In the case of the Trap Queue increasing, it is likely that the Trap Parsing isn't working correctly for the SNMP Manager. One of the problems may be the connection between the loadbalancer and the handlers. If the loadbalancer doesn't get a timely response, it may temporarily think that the handler is dead and spend traffic to the other.
A quick check for this can be done with the following:
ssh scotty@server "cat logs/grails/SnmpManager.log | grep -i 'handler is' "
With Ironman as an example
ssh scotty@ironmanapps1.err "cat logs/grails/SnmpManager.log | grep -i 'handler is' " ssh scotty@ironmanlb1.err "cat logs/grails/SnmpManager.log | grep -i 'handler is' "
If there are many 'HANDLER is DEAD' messages then there is trouble connecting the loadbalancer with the handlers. It should be mostly 'HANDLER is Alive'
Another possibility is the scheduler. The scheduler for trap processing might be slower than usual. This can be for a number of reasons. If it is directly after a release then it is best to let the dev and ops teams know right away.
If this is all of a sudden, then something might be slowing the server or the database.
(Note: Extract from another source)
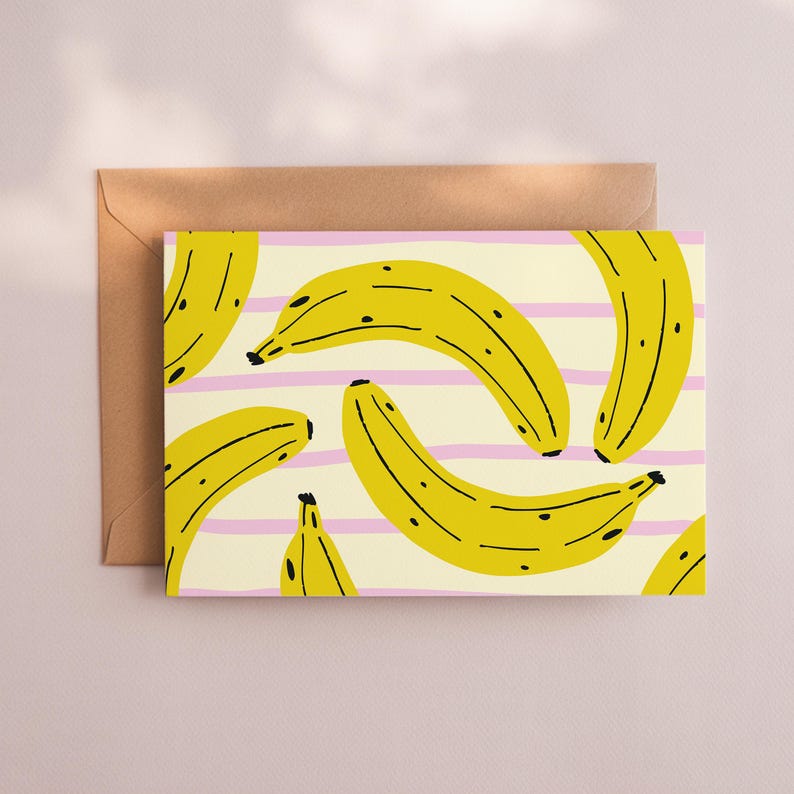 May include: Greeting card featuring a repeating pattern of yellow bananas with black spots on a cream background with pink stripes. The card is paired with a brown envelope, suitable for sending a note or message.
It is worth checking the database with
SHOW PROCESSLIST;
In some cases the queue is fed and consumed by an application itself, as in, the application pushes the message to the queue and takes them off the queue. For this, it is important to ensure that the queue being fed is the same as the queu being consumed. In the rare occasion that a queue consumer is expecting a difference name to the queue getting filled.
There is also a possibility that a queue was refactored in the codebase or script but not updated in RabbitMQ. Check with the devs for this.
Ebonding
If the alert is related to an eBonding queue:
- eBonding_outbound_queue
- eBonding_inbound_queue
Check if soap and ebonding applications are running
ps -edf | grep -i soap ps -edf | grep -i ebonding
Verify that the logs are not frozen: log location is: logs/grails
An application restart will be required if ebonding & soap logs are frozen.
Auto Clear:
The alert will auto clear once there are fewer than 1000 messages in the queue.